2/ L'évolution des formes d'action collective ne traduit pas seulement celle des enjeux et des acteurs, mais aussi les transformations de l'économie et des moyens de communication


 a) Qu'est-ce qui distingue les répertoires d'action des partis politiques, des syndicats et des associations ?

Le répertoire d'actions collectives des partis politiques comporte des formes très conventionnelles. Il s'agit bien sûr d'abord de la participation aux élections, avec le vote des adhérents, les appels au vote lancés par les personnalités du parti, la présentation et le soutien matériel de candidats, l'organisation de réunions, la diffusion de textes sur différents supports y compris les pétitions et commentaires sur les réseaux sociaux. Les partis peuvent également appeler leurs adhérents et sympathisants à rejoindre des manifestations, mais il s'agit en général de rassemblements calmes et autorisés. Les syndicats ont également recours le plus souvent à des formes conventionnelles d'action, même si elles sont en partie différentes. C'est le cas bien sûr de l'arrêt collectif du travail, c'est-à-dire la grève. La participation à des réunions, la diffusion de textes sous forme de tracts ou de commentaires sur internet, ainsi que les manifestations de rues font également partie de leur répertoire.

Les associations ont également recours aux réunions locales, aux pétitions, à la diffusion de textes sous forme numérique ou papier. Mais les enjeux qu'elles défendent, qu'il s'agisse d'écologie, de droits des femmes ou des homosexuels, de lutte contre le racisme, de défense des animaux... les ont souvent poussées à vouloir interpeller la société dans son ensemble, avec des actions spectaculaires médiatisées, donc moins conventionnelles et parfois hors la loi: attentats à la pudeur des FEMEN à moitié nues, occupation illégales de terrains destinés à un projet industriel, pénétration par effraction de militants de la cause animale pour filmer l'intérieur des abattoirs, etc.


 b) Pourquoi l'évolution des formes d'action collective ne reflète pas seulement le rôle croissant des associations ?

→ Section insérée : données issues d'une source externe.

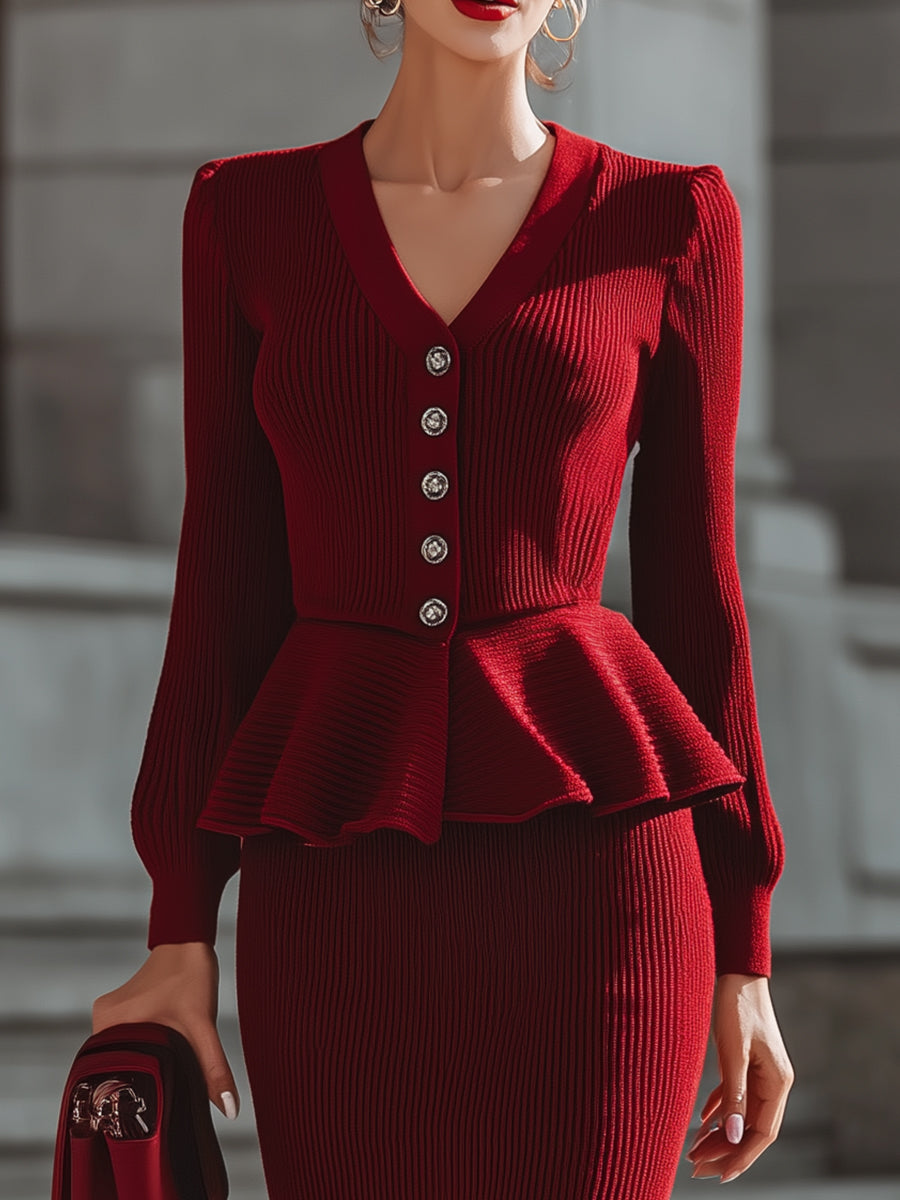 Glamorous Red Knit Peplum Two - Piece Set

Au cours du dernier quart de siècle, des méthodes non conventionnelles, illégales et spectaculaires, ont plus souvent été utilisées que lors des décennies précédentes, dans le cadre de conflits du travail encadrés par les syndicats. Il s'est agi en général d'actions menées à l'échelon local, avec des responsables syndicaux qui ont dérapé ou qui n'ont pas su éviter les dérapages de leurs troupes, mais c'est tout de même révélateur. Il est ainsi arrivé que des dirigeants d'entreprises soient séquestrés par exemple, ou que des ouvriers menacent de faire exploser leur usine ou de causer une catastrophe écologique en déversant des produits chimiques dans une rivière.

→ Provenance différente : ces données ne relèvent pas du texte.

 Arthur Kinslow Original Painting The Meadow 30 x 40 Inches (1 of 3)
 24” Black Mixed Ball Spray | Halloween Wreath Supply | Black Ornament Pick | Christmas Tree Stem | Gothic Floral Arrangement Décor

L'évolution des formes d'action collective n'est donc pas seulement liée à l'importance croissante des nouveaux enjeux dits sociétaux, portés par les associations, par rapport aux conflits du travail classiques. C'est aussi la conséquence des nouveaux moyens de communication, notamment sur Internet, où il s'agit de capter l'attention pour que l'information soit reprise un grand nombre de fois et produise un effet. Le rôle joué par la télévision à partir des années 1970 avait déjà entamé cette évolution. Mais ce n'est pas seulement une question de moyens de communication : la peur du chômage associée à la flexibilité et à la précarité croissante des emplois ont affaibli les moyens d'action traditionnels des syndicats, comme la grève. Les mobilisations sont d'autant plus violentes, parfois, qu'elles sont désespérées, lorsqu'une usine ferme par exemple.


Conclusion   Malgré le déclin prononcé de formes d'actions collectives comme la grève, et le moindre enthousiasme avec lequel les électeurs se rendent aux urnes, les formes les plus conventionnelles d'actions collectives demeurent utilisées. L'importance croissante des enjeux sociétaux, et la tendance à mener davantage d'actions principalement médiatiques, ne signifient pas en tout cas un moindre intérêt pour les questions politiques, de la part des Français ou d'autres populations comparables. Ce serait plutôt un signe de vitalité démocratique.